Lembro-me de chegar ao hotel onde estavam a estagiar, dizer quem era e ser convidado para almoçar com a equipa. Rui Maside era a figura, Jorge Jesus o treinador. Devo ter falado com ambos, não me lembro. Só me recordo de me sentar à mesa e ouvir Jesus dizer algo do género os jornais dão pouco importância a estes clubes, deviam falar mais em nós. Para Jesus, o futebol começava ali perto, na Amora.

Jesus, de resto, parece duvidar que exista sobre a terra alguém que saiba mais de futebol do que ele. Uma recolha nem por isso exaustiva do que disse ao longo da carreira é prova do que escrevo.

No entanto, como todos já perceberam menos o presidente do Benfica, Jesus é exatamente como os outros treinadores. Tem as suas ideias, empata, ganha e perde. Às vezes até um pouco mais do que era suposto, tendo em conta o que se gasta com o plantel do Benfica.

Ver Jesus a agarrar polícias e adeptos, fora de si, pode parecer um pouco de mais. Mas no essencial é aquilo mesmo: ele é que sabe. Se for para defender os adeptos (como diz), que se afaste até a autoridade.

Por vezes, durante alguns períodos, a estrutura de comunicação do Benfica consegue fazer crer que Jesus nem é bem aquilo. Consegue, no fundo, mantê-lo controlado. O meu pai conseguia o mesmo com o nosso primeiro carro, um Fiat 127 já com alguma idade. Com dedicação, removia a ferrugem, lixava as partes expostas e voltava a pintar, na esperança de que ele não nos deixasse mal na próxima subida.

Jesus é aquilo. Por mais que o pintem, ele é o treinador que acha que o futebol começa na Amora. Se for ele a sentar-se no banco, claro.

Portanto, não serei eu a confessar-me muito surpreendido com as imagens do final de jogo em Guimarães. Até porque já vi pior, em diversos jogos de distrital. Aquilo foi um momento distrital, só que transmitido na televisão, colocado no youtube e posto a circular pelo mundo. Uma vergonha, sim.
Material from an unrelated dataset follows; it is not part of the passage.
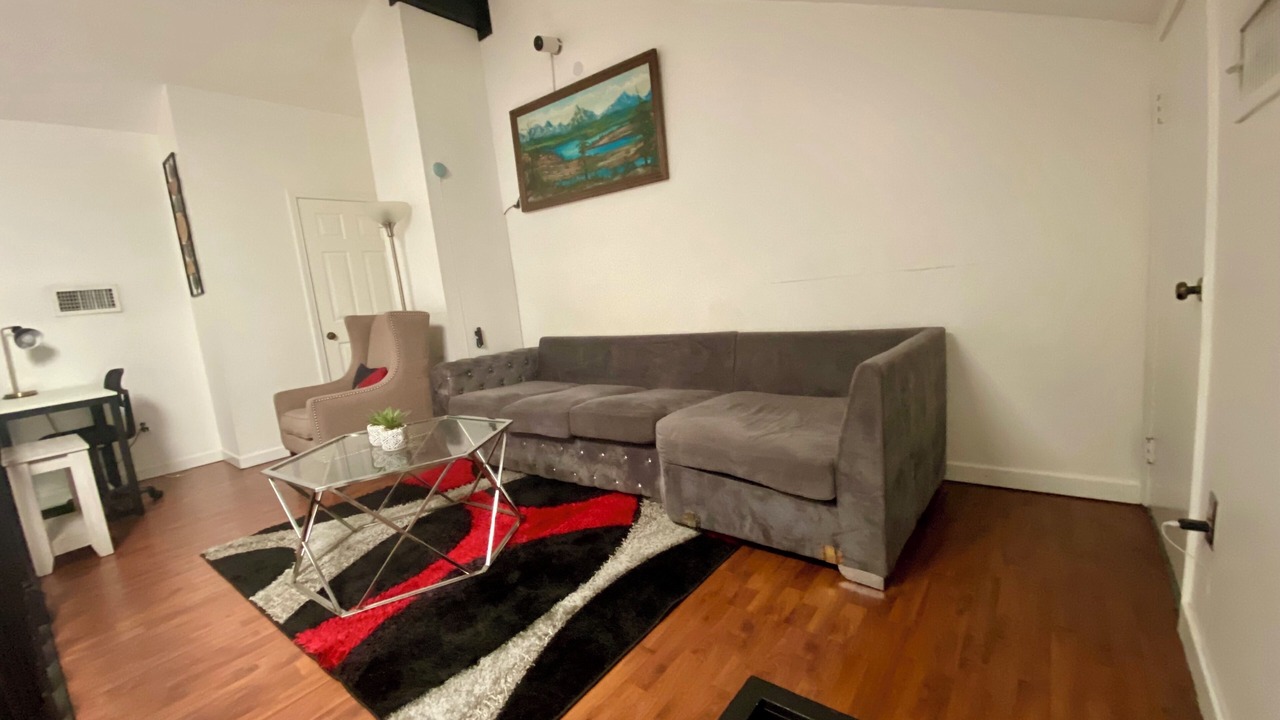Photo of Livingroom in Tougaloo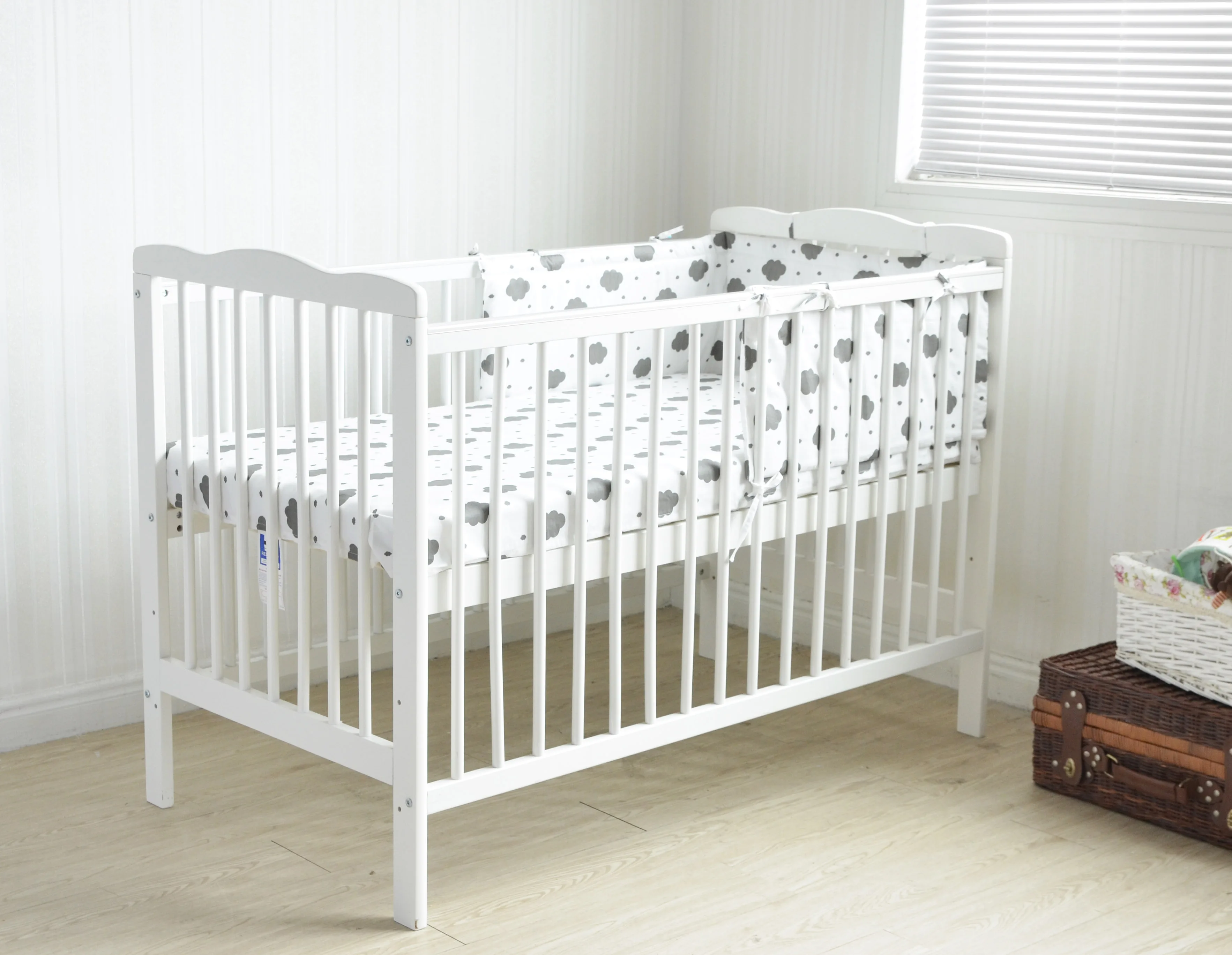 Berceau De Bebe En Bois Blanc Ensemble De Literie Bon Marche Buy Lit Bebe Pas Cher Lits En Bois Massif Lit Bebe Ensemble De Literie Blanc Lit Bebe Pas Cher Ensemble De Literie Bebe Product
Jesus é ainda o treinador que à quinta jornada aproveita uma conferência de imprensa para colocar pressão sobre os árbitros. Também não me surpreende, embora aqui já não encare a coisa com tanta leveza. Ver Jesus a sacudir polícias ainda compro. Ouvi-lo questionar a verdade desportiva e pressionar árbitros, a ver se consegue chamar-nos estúpidos, já não me diverte.

Devo no entanto admitir que ainda gostei menos de ver Paulo Fonseca ir no jogo. Eu sei que Paulo Fonseca é treinador do FC Porto, um clube que pratica este jogo há décadas. Mesmo assim. Mesmo assim esperava que resistisse um pouco mais e não retirasse espaço ao presidente.

No meio destas confusões, Leonardo Jardim perdeu dois pontos mas ganhou crédito. Aprecio o trabalho do madeirense e sua forma de estar e comunicar. E nunca tinha visto um treinador de um grande reconhecer o óbvio: eles são os mais beneficiados com os erros de arbitragem. Mesmo que numa jornada ou outra (como é o caso desta) pareça que não.

Por tudo isto, não posso concordar mais com Marco Silva.

PS: Apesar do que escrevi acima, é evidente que Jesus deve ser castigado. Não esperem é que seja o Benfica a criticar o seu treinador. Por alguma razão Vieira fez um museu: foi para colocar lá os valores centenários do clube. No fundo, coisas que passaram de moda.